[Recorded data]
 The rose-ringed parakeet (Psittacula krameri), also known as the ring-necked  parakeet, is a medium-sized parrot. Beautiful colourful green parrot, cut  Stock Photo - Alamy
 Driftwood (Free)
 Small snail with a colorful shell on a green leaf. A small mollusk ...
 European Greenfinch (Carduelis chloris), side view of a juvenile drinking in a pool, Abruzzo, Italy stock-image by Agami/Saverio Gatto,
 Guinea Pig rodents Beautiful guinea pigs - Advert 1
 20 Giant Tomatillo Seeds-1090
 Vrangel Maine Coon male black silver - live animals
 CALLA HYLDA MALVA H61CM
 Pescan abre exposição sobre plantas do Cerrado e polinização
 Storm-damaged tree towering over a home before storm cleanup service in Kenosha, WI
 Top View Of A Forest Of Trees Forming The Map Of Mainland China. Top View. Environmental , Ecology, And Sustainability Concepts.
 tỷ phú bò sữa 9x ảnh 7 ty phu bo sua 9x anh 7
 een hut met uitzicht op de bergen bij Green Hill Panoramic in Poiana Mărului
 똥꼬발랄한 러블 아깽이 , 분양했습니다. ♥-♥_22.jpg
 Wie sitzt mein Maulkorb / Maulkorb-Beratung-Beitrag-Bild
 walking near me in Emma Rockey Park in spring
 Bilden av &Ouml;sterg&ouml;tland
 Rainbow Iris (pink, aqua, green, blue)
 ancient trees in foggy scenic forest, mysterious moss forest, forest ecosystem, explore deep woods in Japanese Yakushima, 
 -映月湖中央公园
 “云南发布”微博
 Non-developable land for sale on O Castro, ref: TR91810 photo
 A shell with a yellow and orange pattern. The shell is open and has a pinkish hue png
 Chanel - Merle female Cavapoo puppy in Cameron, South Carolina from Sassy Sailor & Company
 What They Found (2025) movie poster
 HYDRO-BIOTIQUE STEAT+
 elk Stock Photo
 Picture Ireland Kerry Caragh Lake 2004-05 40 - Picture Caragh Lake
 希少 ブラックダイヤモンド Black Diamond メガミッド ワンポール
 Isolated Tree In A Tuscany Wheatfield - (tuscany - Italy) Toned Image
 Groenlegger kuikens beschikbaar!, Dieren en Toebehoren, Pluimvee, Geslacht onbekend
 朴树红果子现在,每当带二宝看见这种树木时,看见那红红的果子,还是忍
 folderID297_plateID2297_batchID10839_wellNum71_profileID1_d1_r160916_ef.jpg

_ASSIGNED TASK:_
Please copy the lines above from the line with "Vrangel Maine Coon" up to and including the line with "Rainbow Iris (pink, aqua, green, blue)", exactly as written and with nothing else.

_RESPONSE TO THE TASK:_
 Vrangel Maine Coon male black silver - live animals
 CALLA HYLDA MALVA H61CM
 Pescan abre exposição sobre plantas do Cerrado e polinização
 Storm-damaged tree towering over a home before storm cleanup service in Kenosha, WI
 Top View Of A Forest Of Trees Forming The Map Of Mainland China. Top View. Environmental , Ecology, And Sustainability Concepts.
 tỷ phú bò sữa 9x ảnh 7 ty phu bo sua 9x anh 7
 een hut met uitzicht op de bergen bij Green Hill Panoramic in Poiana Mărului
 똥꼬발랄한 러블 아깽이 , 분양했습니다. ♥-♥_22.jpg
 Wie sitzt mein Maulkorb / Maulkorb-Beratung-Beitrag-Bild
 walking near me in Emma Rockey Park in spring
 Bilden av &Ouml;sterg&ouml;tland
 Rainbow Iris (pink, aqua, green, blue)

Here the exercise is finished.